### [To do]
Please set down, word for word, the line that contains "DIKONTRAKAN RUMAH NYAMAN" and every line after it to the end of the entries below, omitting the pictures.

□ □ □ □

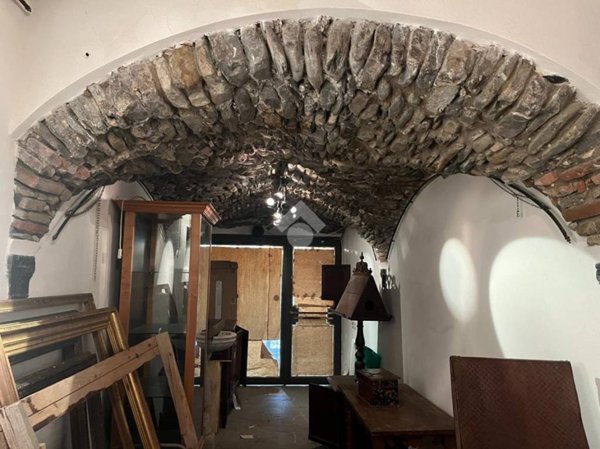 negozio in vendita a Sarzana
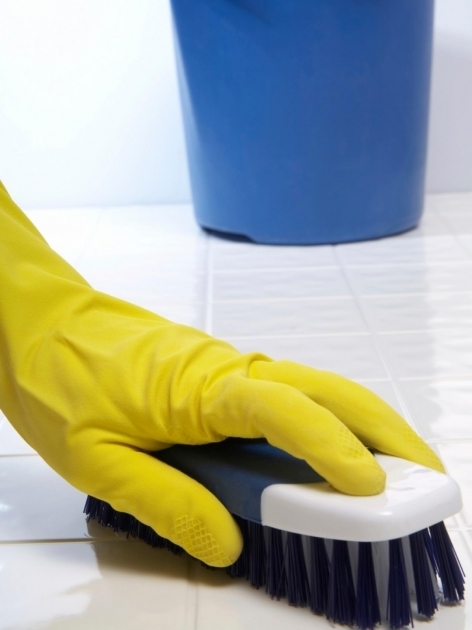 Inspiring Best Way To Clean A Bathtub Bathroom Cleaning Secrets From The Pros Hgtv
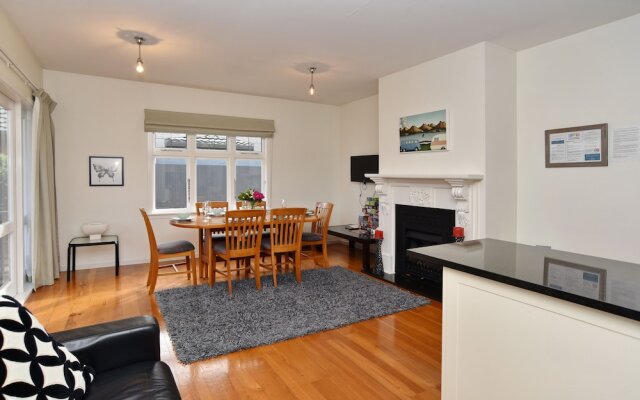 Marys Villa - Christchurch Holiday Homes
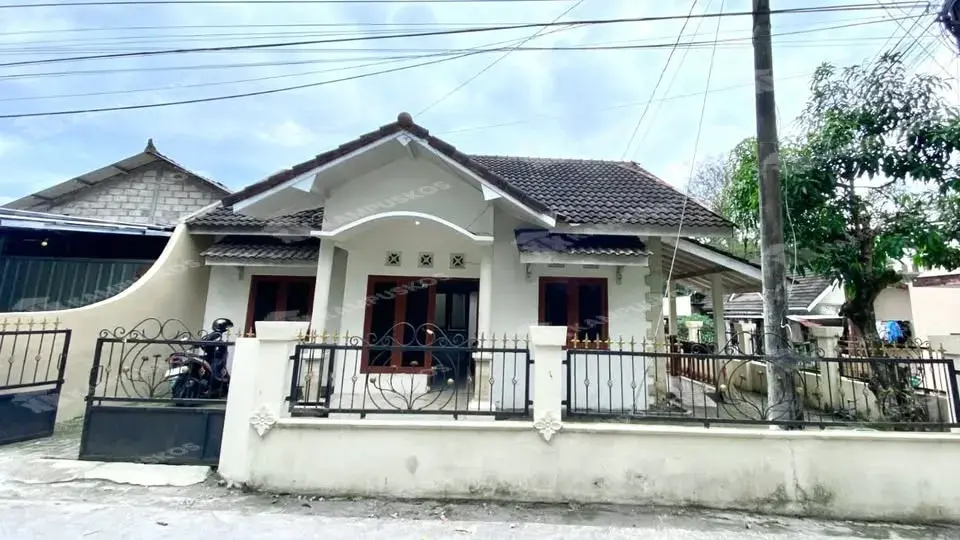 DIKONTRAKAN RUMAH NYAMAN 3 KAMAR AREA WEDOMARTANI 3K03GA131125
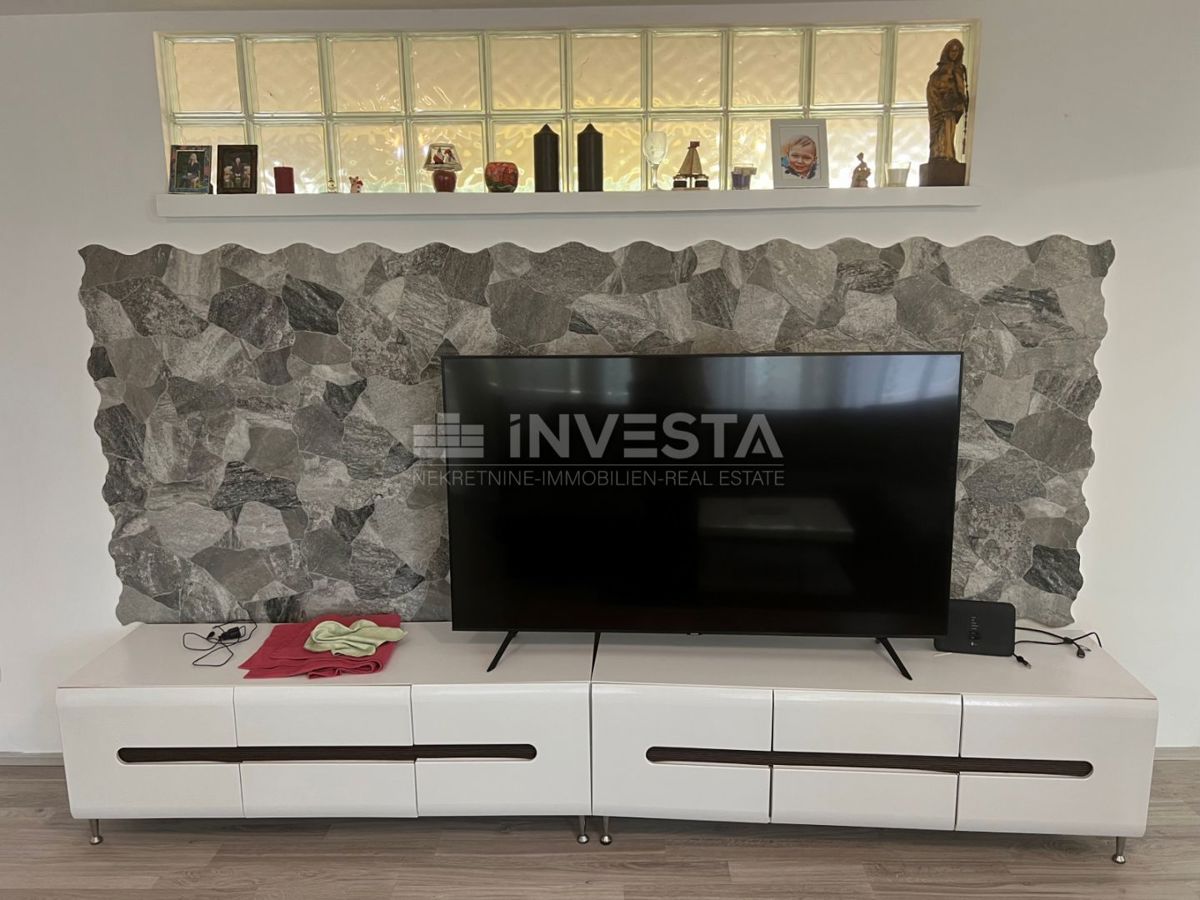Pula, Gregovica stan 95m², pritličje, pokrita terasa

□ □ □ □

### [Answer]
 DIKONTRAKAN RUMAH NYAMAN 3 KAMAR AREA WEDOMARTANI 3K03GA131125
Pula, Gregovica stan 95m², pritličje, pokrita terasa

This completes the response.